As soon as the kitchen door of Clayhome opened, it felt to Noni as if the celebration of what she’d come to announce had already started. “My Blue Heaven” played loudly on the radio. Kaye and Aunt Ma whirled about. So happy did Kaye look that Noni wondered if Jack Hurd had phoned him while she was walking across the lawn. “Merry Christmas!” she shouted.
Kaye pulled her into the circle with Amma, moved them both in a swing step across the kitchen floor.
“Do you know?” Noni shouted over the music.
Amma fought free of the young people and fell breathless into a chair while Kaye danced Noni around her in one of their old intricate shag combinations. “Know what?” he grinned. “What do I know? I know everything!” They knocked into the table, oranges and grapefruits rolling onto the floor.
“Did he already call you?”
“Who?”
Noni held Kaye with a fierce hug, tightly linking her arms behind his back. “You got a Roanoke Scholarship! Listen to me. You won the Roanoke, Kaye,
you won it!”
Kaye stopped dancing, broke her embrace with his hands, backed her off so he could look at her. “…You’re kidding?”
“No! Doctor Jack just told me. He found out early. It's true. He's sure.” Noni turned to hug Amma. “He got a Roanoke, Aunt Ma. That's the best thing you can have at Haver. They pay everything, tuition, room, even your books and your food for the whole four years.”
Amma stared from Noni to Kaye. “He got one of those?”
Noni explained how the Roanoke was a full four-year scholarship to Haver University, how there were only two awarded each year and that Dr. Jack Hurd, who knew someone on the committee, had told her that this year Kaye would be one of them. They would send him a letter on January 10 telling him so.
Kaye repeated, “You’re kidding me?” Laughing, he dropped theatrically into the chair beside his grandmother. Then he nodded with the old childhood grin, quietly cursing in amazement.

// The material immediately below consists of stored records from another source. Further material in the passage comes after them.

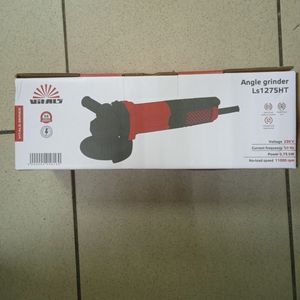 Б/в Шліфмашина кутова Vitals ls1275ht 16-000276249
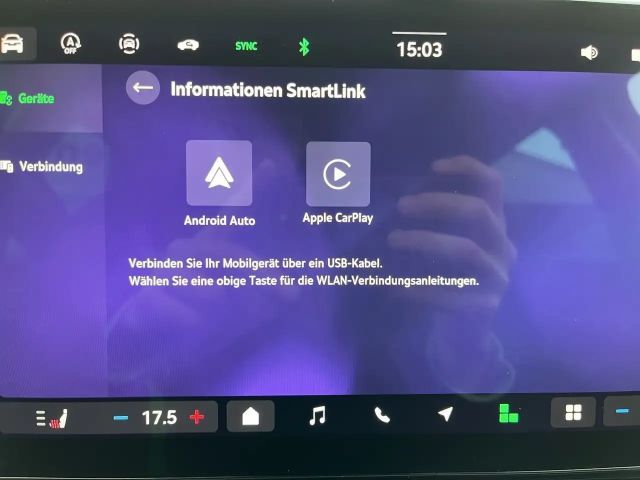 Skoda Octavia 1.5 TSI Combi Selection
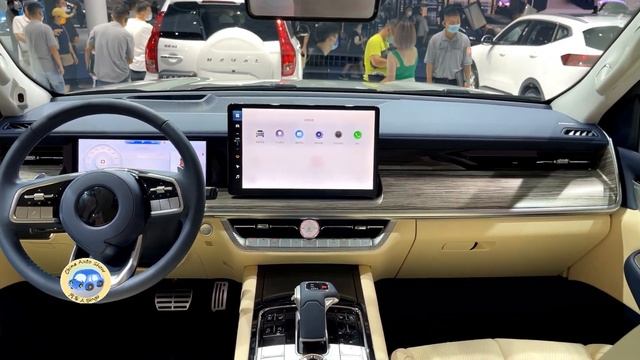 2023 GreatWall SHANHAI POER FirstLook Walkaround—2022 Chengdu Motor Show—2023款长城山海炮，外观与内饰实拍 смотреть онлайн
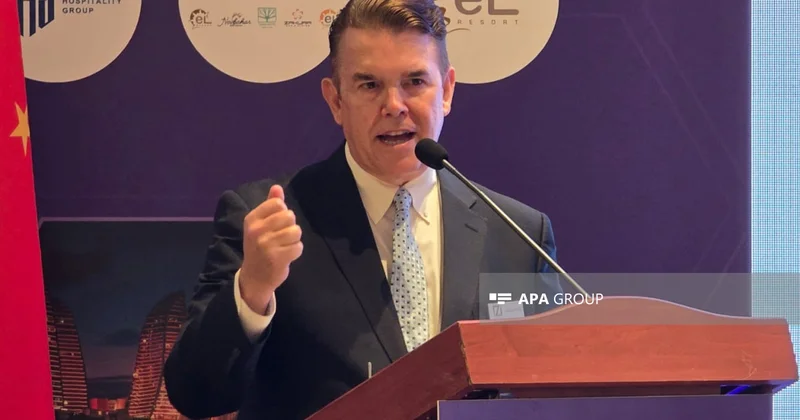 Alexander Glos: “China Visitors Summit Azərbaycan turizmi üçün yeni imkanlar açır”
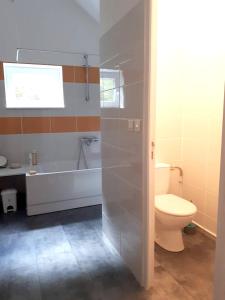 Maison de 3 chambres avec jardin clos et wifi a Landrichamps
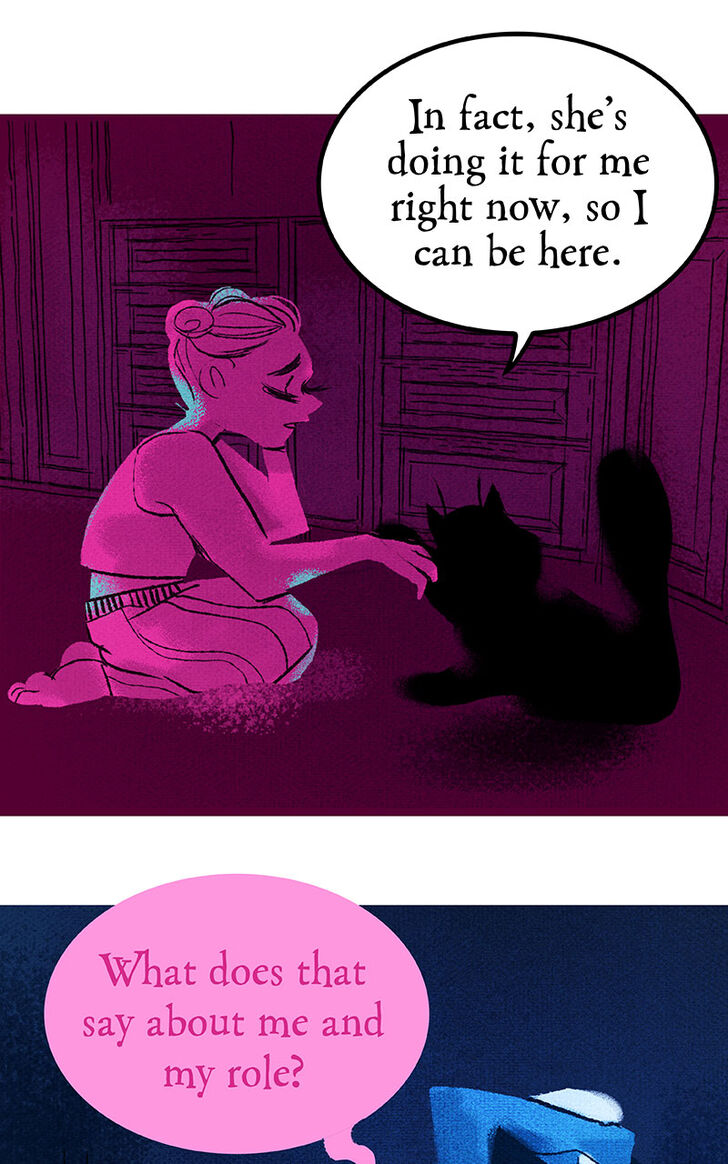 Read Lore Olympus Manga Online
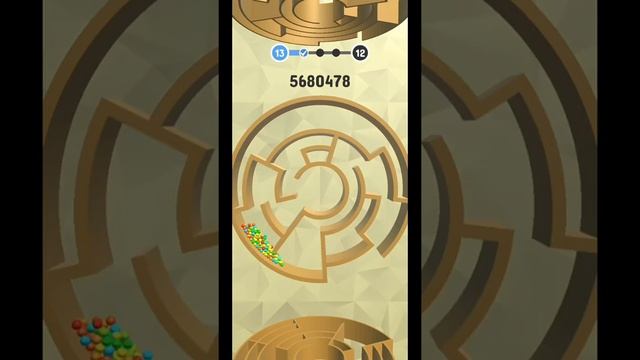 Balls Rotate All 100 Levels Gameplay # 15 To 10 смотреть онлайн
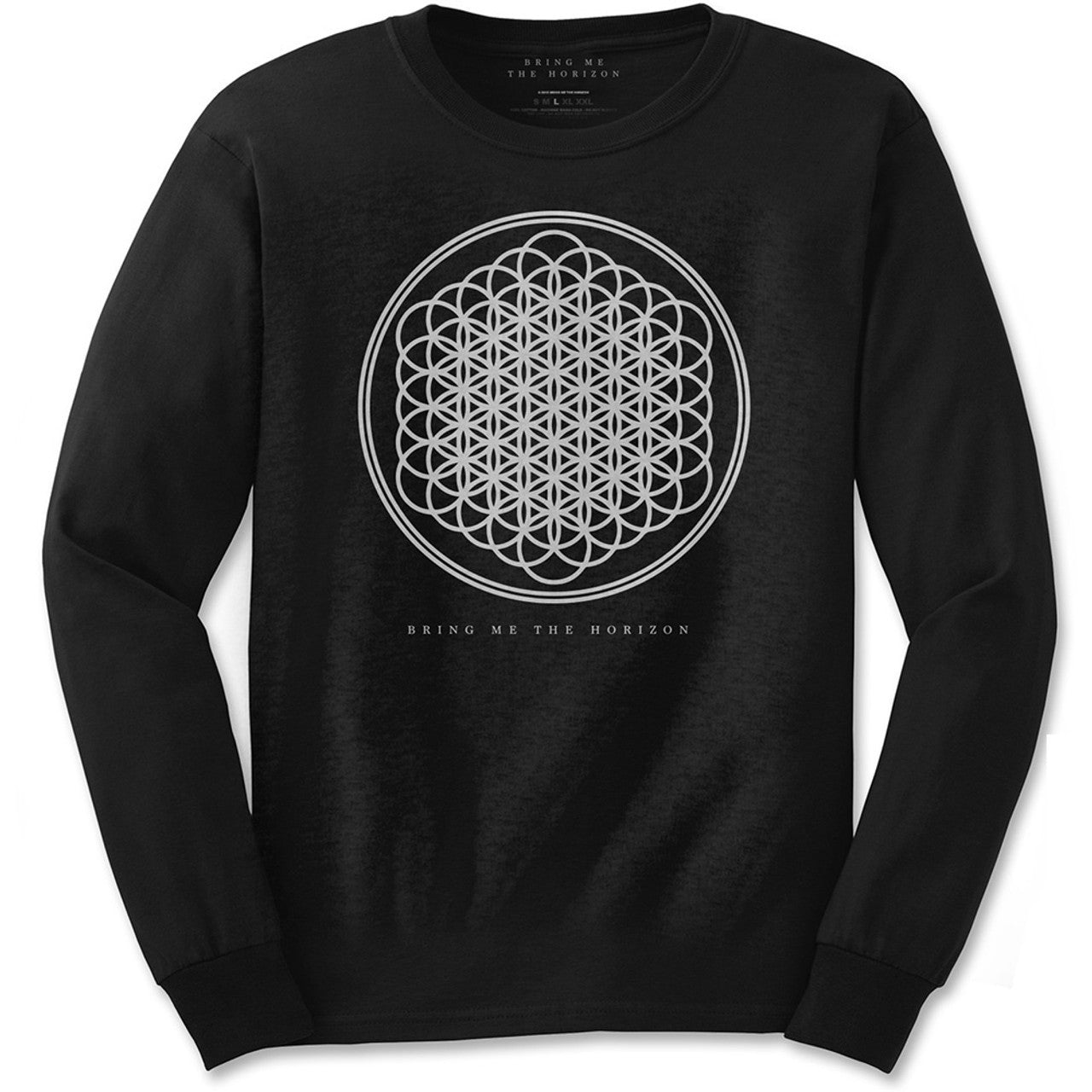 Bring Me The Horizon Long Sleeve Long Sleeve band merch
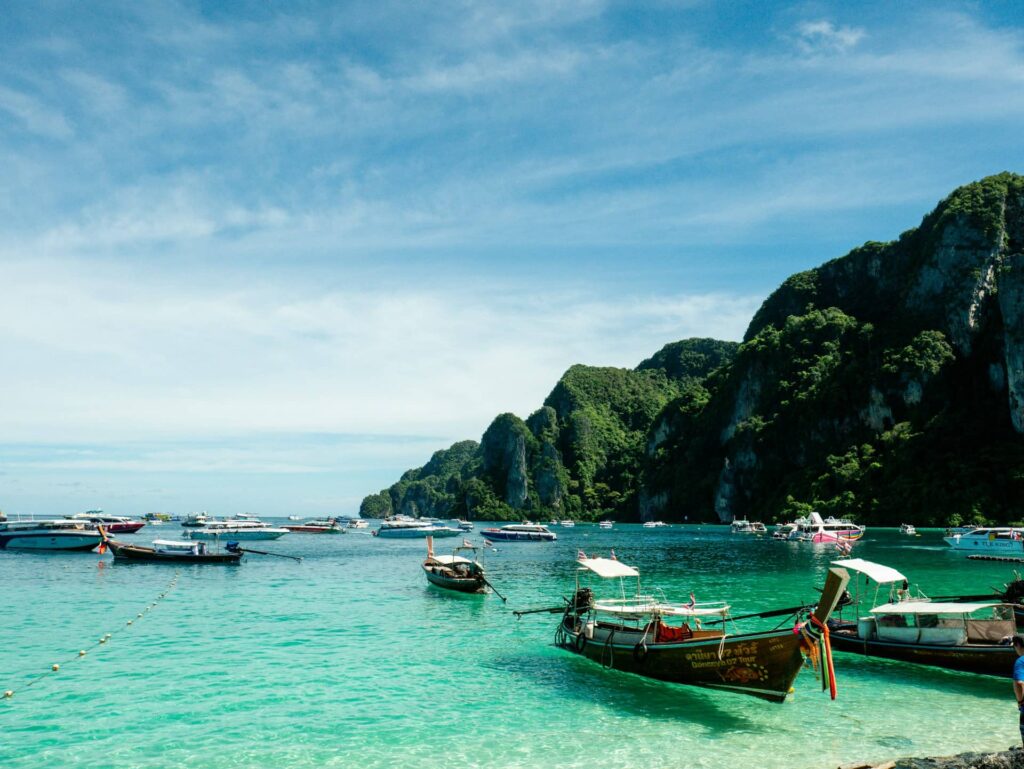Phi Phi Islands, Thailand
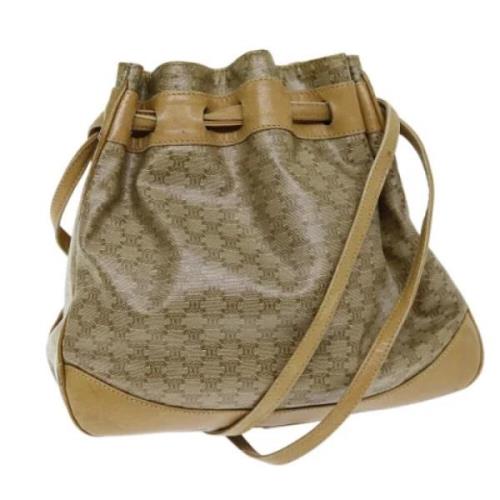 Pre-owned Canvas shoulder-bags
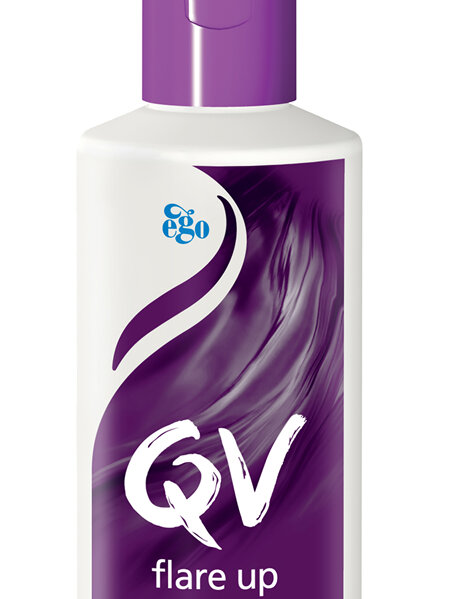 EGO Qv Flare Up Bath Oil 200 Ml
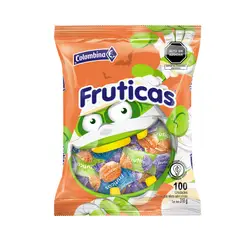 FRUTICAS - Fruticas Halloween x 310 gr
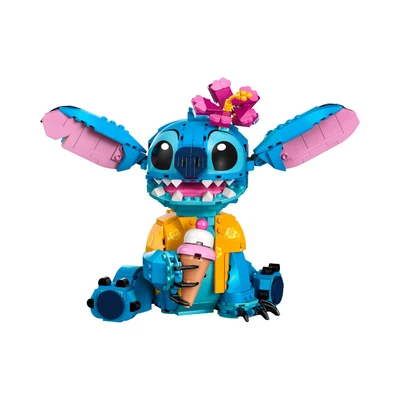 Gambar LEGO Disney Stitch 43249
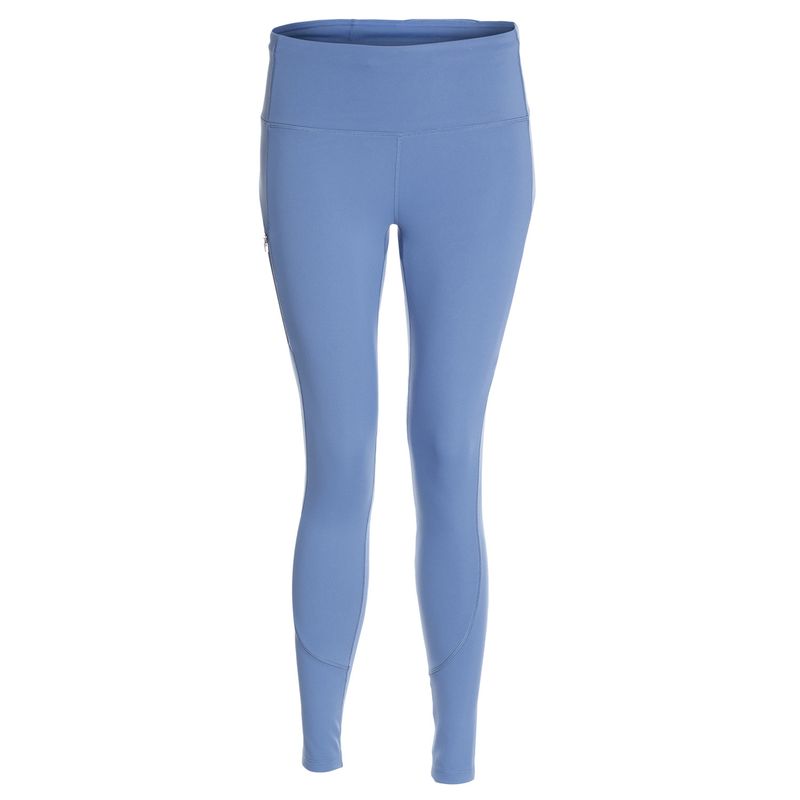 KANNU - Calza Mujer Cierre Larga Lisa Denim KANNU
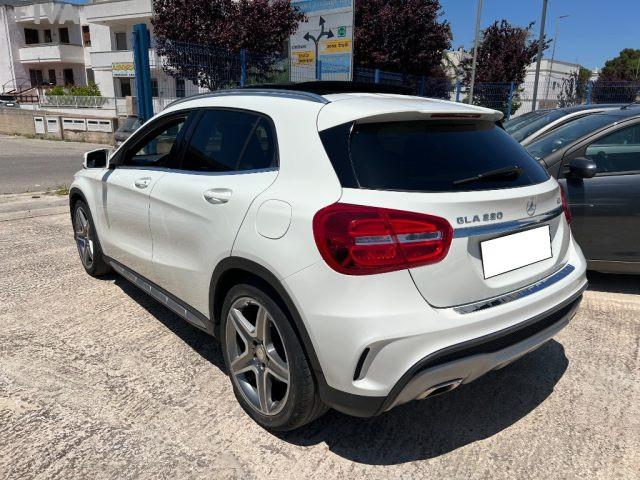 MERCEDES-BENZ GLA 220 CDI Automatic Premium AMG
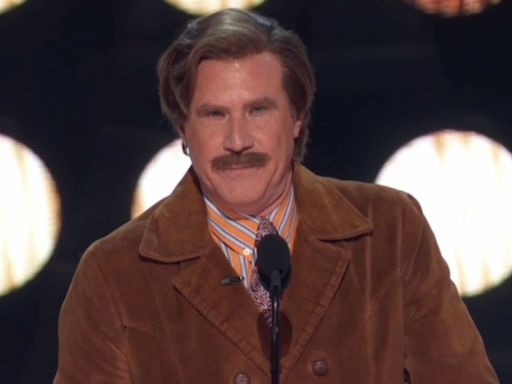 Will Ferrell Reprises Ron Burgundy Role At Tom Brady’s ‘The Greatest Roast Of All Time’ Netflix Special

Amma had opened one of the passbooks, was looking at the neat rows of figures, was seeing—Kaye knew—eighteen years of sewing, weaving, canning, and baking, eighteen years of smiling beside the doors of the bank. She said, “Now, that's, well, something, ain’t it? They can give you all that in a letter, what I spent so many years piecing together.” Neatly gathering together the three passbooks, she handed them to Kaye. “Honey, these are still yours.”
“Grandma, Grandma, you know what these are for?” He waved the three blue bankbooks in front of her, kissed them one by one. “These are for medical school. For medical school! That's when you really need money. Not college, that's nothing! But the money it takes to go to medical school! And money's what you got! You are a Mama Moneybucks!” He flipped the bankbooks in her face like cards between his long dexterous fingers. “Why, I’m going to learn everything in that medical school. I’ll make Grandpa Tat a new leg so amazing you two’ll be doing the Watusi at the Indigo.” He rushed at her chair, started tickling her in the sides. “I’ll cut open your chest and fix your heart so it will never stop working!”